I just purchased my new website and I am wondering if anyone knows any free web page designing programs?


----------



## badalou (Mar 19, 2006)

Weezey Baby said:


> I just purchased my new website and I am wondering if anyone knows any free web page designing programs?


Yo need an HTML editor Do a google search for free HTML editor. Then go to wwwopenwebdesign.org and download one of their free templates.


----------



## peteVA (Nov 11, 2007)

A lot depends on the site you bought. If it is a shopping cart, there are many templates or skins designed for specific carts. If it's just a general site, there are a number of free templates all over the net. 
.


----------



## Weezey Baby (Dec 11, 2007)

i used godaddy.com to host my webpage. Does anyone know if they have any templates or what to do after you register your page?


----------



## cutlas (Dec 21, 2007)

Hello! Godaddy does have templates on their website, a few to choose from. I am not an expert by any means but it is VERY time consuming, I will tell you that much. We do get a lot of hits and it has brought us business. Just make sure you have a lot of time when you go to start working on it. It gets easier the more you do it. 

Carri


----------



## peteVA (Nov 11, 2007)

That is the problem I found with the GoDaddy carts. I paid a 3 month fee just to check them out and found their carts the hardest to work with of any I tried. You can't import data, even copy from one item to the next. Everything has to be "done by hand", each entry, over and over.

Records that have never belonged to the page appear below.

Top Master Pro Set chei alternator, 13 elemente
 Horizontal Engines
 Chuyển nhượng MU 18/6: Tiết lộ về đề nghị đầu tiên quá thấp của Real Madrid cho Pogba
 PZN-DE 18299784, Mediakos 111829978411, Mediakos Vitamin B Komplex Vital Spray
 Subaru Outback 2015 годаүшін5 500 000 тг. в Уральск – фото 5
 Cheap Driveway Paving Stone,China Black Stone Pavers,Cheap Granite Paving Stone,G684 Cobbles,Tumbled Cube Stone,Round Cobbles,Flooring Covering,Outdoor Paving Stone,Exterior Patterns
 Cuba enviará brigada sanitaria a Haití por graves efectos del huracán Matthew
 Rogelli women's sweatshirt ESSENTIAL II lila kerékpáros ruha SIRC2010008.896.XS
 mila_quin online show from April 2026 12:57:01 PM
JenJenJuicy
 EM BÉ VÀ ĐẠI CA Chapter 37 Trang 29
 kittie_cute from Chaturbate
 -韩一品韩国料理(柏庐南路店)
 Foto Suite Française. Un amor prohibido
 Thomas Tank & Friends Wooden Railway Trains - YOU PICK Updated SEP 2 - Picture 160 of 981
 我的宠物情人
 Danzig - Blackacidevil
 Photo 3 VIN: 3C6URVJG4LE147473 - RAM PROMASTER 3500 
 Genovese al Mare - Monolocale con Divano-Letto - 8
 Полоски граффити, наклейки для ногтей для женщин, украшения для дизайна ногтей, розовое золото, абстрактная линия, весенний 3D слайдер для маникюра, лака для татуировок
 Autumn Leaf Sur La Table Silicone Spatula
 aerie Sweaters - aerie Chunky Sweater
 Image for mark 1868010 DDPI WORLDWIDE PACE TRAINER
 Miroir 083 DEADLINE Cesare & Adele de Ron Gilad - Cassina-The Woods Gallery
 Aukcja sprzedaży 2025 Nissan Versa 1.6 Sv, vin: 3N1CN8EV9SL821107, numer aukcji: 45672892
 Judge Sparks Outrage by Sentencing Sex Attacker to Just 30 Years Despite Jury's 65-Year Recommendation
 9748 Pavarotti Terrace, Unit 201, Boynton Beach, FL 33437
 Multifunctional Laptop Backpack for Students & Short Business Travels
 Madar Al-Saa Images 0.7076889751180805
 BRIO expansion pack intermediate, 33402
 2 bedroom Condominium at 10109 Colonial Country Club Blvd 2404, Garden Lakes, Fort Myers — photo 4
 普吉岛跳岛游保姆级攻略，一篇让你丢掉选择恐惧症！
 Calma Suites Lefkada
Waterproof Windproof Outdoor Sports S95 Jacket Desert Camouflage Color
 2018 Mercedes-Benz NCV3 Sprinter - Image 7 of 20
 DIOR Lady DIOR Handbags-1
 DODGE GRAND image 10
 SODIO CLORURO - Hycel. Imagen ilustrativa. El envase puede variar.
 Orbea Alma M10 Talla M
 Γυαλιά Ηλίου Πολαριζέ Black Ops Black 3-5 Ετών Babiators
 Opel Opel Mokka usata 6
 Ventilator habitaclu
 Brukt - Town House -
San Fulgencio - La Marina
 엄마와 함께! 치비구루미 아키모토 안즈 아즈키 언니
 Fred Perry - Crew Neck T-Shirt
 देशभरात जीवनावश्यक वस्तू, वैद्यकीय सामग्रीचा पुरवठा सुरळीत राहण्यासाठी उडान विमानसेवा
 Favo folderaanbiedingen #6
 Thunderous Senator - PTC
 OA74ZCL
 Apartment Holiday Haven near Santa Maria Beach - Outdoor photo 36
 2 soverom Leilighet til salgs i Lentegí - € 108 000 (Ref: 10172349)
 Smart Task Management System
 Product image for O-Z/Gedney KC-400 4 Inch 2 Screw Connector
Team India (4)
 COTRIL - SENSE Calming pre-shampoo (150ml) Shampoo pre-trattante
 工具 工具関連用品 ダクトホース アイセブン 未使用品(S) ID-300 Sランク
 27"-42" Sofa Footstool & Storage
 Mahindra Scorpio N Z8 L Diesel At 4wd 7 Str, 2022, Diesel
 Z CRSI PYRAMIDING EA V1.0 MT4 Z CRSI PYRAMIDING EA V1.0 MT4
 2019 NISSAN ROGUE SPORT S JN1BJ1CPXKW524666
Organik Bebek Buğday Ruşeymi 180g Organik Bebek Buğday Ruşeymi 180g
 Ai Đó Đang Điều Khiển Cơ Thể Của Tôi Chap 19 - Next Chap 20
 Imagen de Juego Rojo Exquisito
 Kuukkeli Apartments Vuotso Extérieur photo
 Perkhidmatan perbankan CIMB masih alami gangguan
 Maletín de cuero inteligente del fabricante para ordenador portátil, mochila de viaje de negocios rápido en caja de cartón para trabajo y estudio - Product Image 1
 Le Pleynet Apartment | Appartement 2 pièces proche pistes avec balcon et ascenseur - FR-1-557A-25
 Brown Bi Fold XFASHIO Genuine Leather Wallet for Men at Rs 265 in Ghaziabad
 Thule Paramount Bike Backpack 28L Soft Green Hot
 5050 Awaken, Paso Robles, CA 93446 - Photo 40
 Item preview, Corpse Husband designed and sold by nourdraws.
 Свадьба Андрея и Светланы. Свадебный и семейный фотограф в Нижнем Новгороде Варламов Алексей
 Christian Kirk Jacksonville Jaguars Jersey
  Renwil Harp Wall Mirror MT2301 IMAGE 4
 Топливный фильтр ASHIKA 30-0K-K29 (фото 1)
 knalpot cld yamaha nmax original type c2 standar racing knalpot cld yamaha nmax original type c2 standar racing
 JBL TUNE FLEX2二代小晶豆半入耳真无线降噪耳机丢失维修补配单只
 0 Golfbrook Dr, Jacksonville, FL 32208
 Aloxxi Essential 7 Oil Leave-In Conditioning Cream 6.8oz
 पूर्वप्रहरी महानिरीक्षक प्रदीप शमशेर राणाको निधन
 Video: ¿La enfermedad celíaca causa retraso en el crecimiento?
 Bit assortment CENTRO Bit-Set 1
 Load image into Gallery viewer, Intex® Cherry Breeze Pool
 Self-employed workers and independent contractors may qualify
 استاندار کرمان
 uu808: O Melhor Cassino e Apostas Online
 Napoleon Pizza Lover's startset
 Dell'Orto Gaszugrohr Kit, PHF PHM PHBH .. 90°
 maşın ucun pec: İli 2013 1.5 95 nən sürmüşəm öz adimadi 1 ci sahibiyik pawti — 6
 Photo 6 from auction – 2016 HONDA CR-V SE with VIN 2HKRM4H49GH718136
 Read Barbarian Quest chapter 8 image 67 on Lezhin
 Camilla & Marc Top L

Very time consuming. It would be OK if it's all you ever used, but there are sure much easier carts around. 

And cheaper.
.


----------



## SeasonEnds (Sep 9, 2007)

Just pay some college student to do it for you.


----------



## Rodney (Nov 3, 2004)

Weezey Baby said:


> I just purchased my new website and I am wondering if anyone knows any free web page designing programs?


Yes, you can use NVU


----------



## badalou (Mar 19, 2006)

Rodney said:


> Yes, you can use NVU


Rodney have you used Nvu?


----------



## cmyk (Dec 3, 2007)

i like Web Page Maker.
it is not free, it costs like 50 usd, but they have a 15 day trial version, enough to do the job, in my opinion, if you don't need a huge site.

it's extremely easy to use, no codes, just drag and drop, import buttons and so on, everything looks familiar somehow and intuitive.
i printed the Help section, but almost didn't use it.
and it incorporates a web publisher

you can get it here:

Download Web Page Maker free -- Create Web Page, Publish Web Page


----------



## cmyk (Dec 3, 2007)

..i think i did a mistake..
i don't know if it has e-commerce features, i failed to observ this thread was in the ecommerce site design
sorry


----------



## plan b (Feb 21, 2007)

Hi,, microsoft office live has free hosting on the basic plan,, then you can go to Shipping Calculator and Auction Management Solutions by AuctionInc and attach a cart for pay pal.

R.


----------



## Rodney (Nov 3, 2004)

badalou said:


> Rodney have you used Nvu?


Yes, I've downloaded it and used it to edit sites before. It's very close to the features of dreamweaver (which is what I use most often).


----------